Cipria e caffè

Vado a lavarmi le mani. Mi verso un po’ di sapone liquido sui palmi, un sapone delicato alla rosa. Tutto a casa mia odora di cipria rosa, le candele, il mio profumo, la biancheria, il tè, i dolcetti che intingo nel caffè.

[Valérie Perrin – Cambiare l’acqua ai fiori]

Je t’aime… moi non plus

Lui non l’ho mai visto. Ha un leggero accento, c’è qualcosa di mediterraneo nel suo modo di calcare le parole. È molto bruno, così bruno che i rari capelli bianchi spiccano nel disordine di quelli neri. Ha il naso grosso, le labbra carnose e le borse sotto gli occhi. Somiglia un po’ a Gainsbourg. Si capisce che ha litigato col rasoio, ma non con la grazia. Ha belle mani, dita lunghe. Beve il caffè bollente a piccoli sorsi, ci soffia sopra e si riscalda le mani sulla porcellana della tazza

[Valérie Perrin – Cambiare l’acqua ai fiori]

Soltanto un arrivederci

«Non vorrà mica andarsene senza salutarmi!».
«Se ti salutassi, Violette, non partirei. Ti immagini noi due che ci abbracciamo sul marciapiede di un binario? Perché andare a cercarsi l’insopportabile? Abbiamo già dato abbastanza, non ti pare?”

[Valérie Perrin – Cambiare l’acqua ai fiori]

Ci sono pagine di libri che ti centrano come un treno in corsa.
Con poche parole, semplici ed efficaci spiegano quello che hai sempre sentito dentro senza sapere quale forma dargli, quale bordo, quale limite.

Oggi è successo di nuovo.

Da sempre detesto gli addii e da sempre ne soffro.
Come fare, dunque?

Quando ero piccola, piuttosto di salutare qualcuno per sempre, mi andavo a nascondere e puntualmente venivo rimproverata di maleducazione. Quando ero piccola, la misura del tempo era decisamente più dilatata e “per sempre” poteva significare anche solo qualche mese, qualche settimana, ma era comunque insopportabile e io scappavo.

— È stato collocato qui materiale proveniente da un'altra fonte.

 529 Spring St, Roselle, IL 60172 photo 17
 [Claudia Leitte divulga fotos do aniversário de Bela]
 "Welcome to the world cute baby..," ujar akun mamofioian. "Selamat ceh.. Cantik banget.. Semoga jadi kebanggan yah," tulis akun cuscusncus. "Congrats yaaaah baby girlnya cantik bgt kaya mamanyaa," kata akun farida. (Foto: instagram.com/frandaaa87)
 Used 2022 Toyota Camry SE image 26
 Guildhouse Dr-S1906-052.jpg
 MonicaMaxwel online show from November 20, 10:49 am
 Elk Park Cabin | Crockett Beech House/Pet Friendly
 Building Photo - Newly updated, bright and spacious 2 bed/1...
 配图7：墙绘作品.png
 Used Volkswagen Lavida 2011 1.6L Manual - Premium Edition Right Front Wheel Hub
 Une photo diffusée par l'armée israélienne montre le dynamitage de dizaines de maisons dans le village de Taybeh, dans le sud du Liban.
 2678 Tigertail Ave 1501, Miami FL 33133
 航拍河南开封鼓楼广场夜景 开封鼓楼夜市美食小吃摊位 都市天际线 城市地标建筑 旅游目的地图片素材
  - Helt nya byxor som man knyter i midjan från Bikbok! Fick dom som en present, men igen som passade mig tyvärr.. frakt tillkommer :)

Con gli anni ho imparato a restare. A mistificare i sentimenti. A sorridere, anche. Ma quello che si spezza dentro durante un addio ti cambia definitivamente. Dopo un addio sei altro, perché hai superato un limite: quello della sopportazione al dolore. Acquisisci la consapevolezza di poter sopravvivere anche con un pezzetto di meno, ma la fatica esistenziale cresce di una spanna.
Perciò ho imparato a salutare sempre con un “arrivederci” anche quando intimamente so che non sarà così, perché mi piace pensare che in qualche luogo, in qualche tempo… in qualche dimensione parallela, ci ritroveremo ancora.

La soluzione che trovano i protagonisti nel romanzo della Perrin è molto simile: decidono di salutarsi tutti i giorni con un arrivederci, ma come se fosse l’ultima volta e proseguono per tutto un inverno. Quasi per creare un’abitudine al distacco così che, quando arriverà davvero, saranno pronti.